* [GOAL OF THE EXERCISE]: Excluding pictures, retype the line with "5th image of 1008 W 29th St" and each line that follows it to the end of the data below, word for word.

━━━━━ DATA FOR ANALYSIS ━━━━━

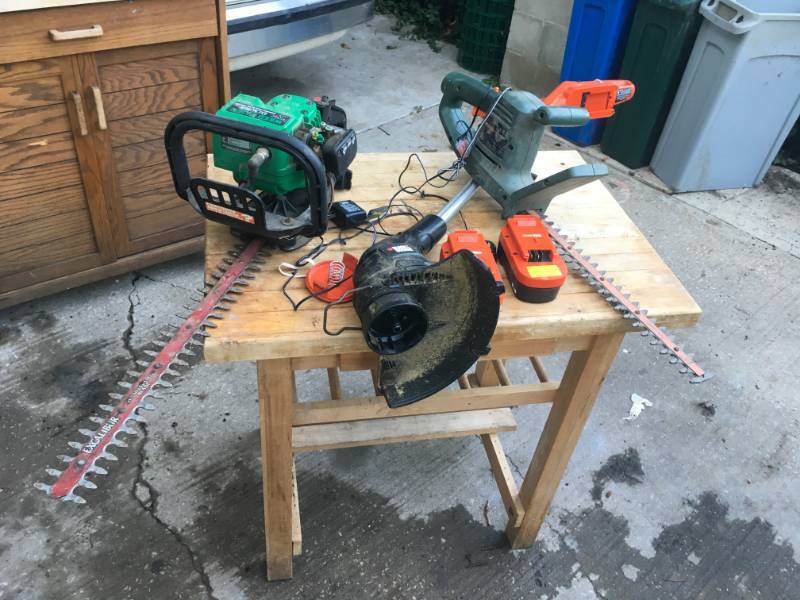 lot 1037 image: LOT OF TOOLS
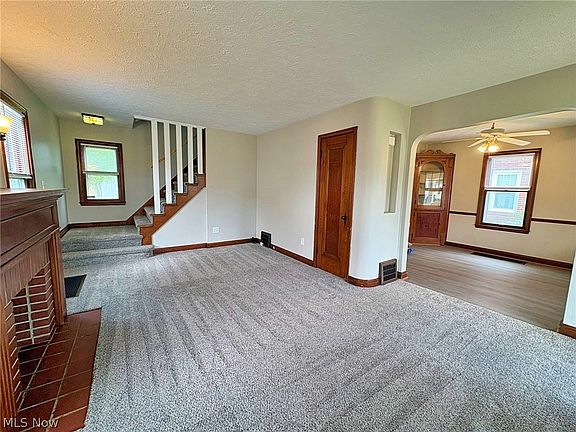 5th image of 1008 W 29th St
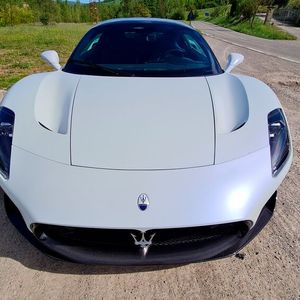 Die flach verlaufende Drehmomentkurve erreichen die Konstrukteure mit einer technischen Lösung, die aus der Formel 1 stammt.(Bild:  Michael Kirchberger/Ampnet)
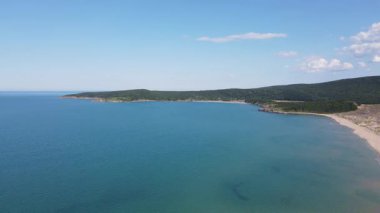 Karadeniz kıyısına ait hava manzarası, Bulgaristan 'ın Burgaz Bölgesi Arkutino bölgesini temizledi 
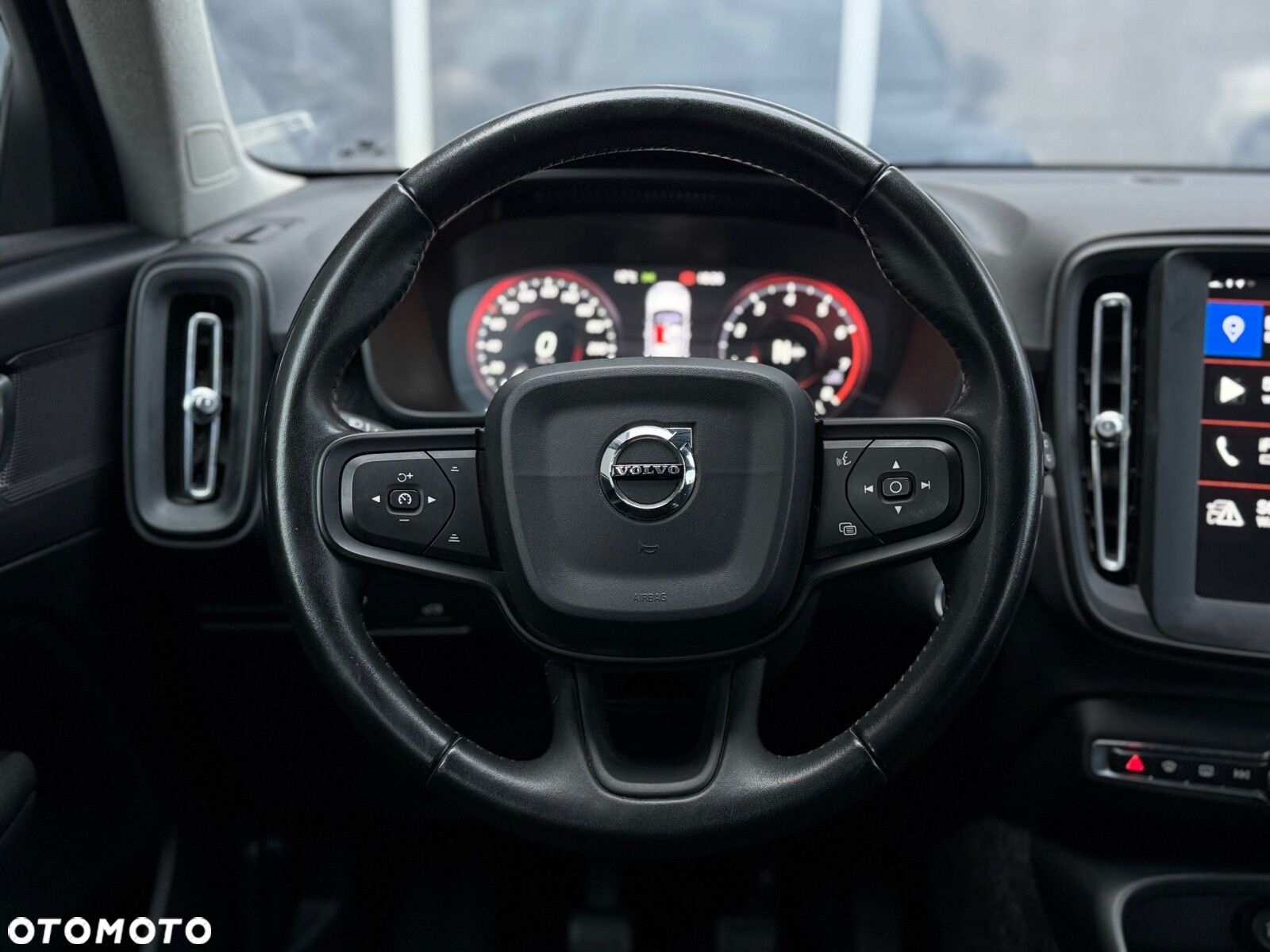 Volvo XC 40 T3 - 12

━━━━━

* [SOLUTION BELOW]:
 5th image of 1008 W 29th St
 Die flach verlaufende Drehmomentkurve erreichen die Konstrukteure mit einer technischen Lösung, die aus der Formel 1 stammt.(Bild:  Michael Kirchberger/Ampnet)
 Karadeniz kıyısına ait hava manzarası, Bulgaristan 'ın Burgaz Bölgesi Arkutino bölgesini temizledi 
 Volvo XC 40 T3 - 12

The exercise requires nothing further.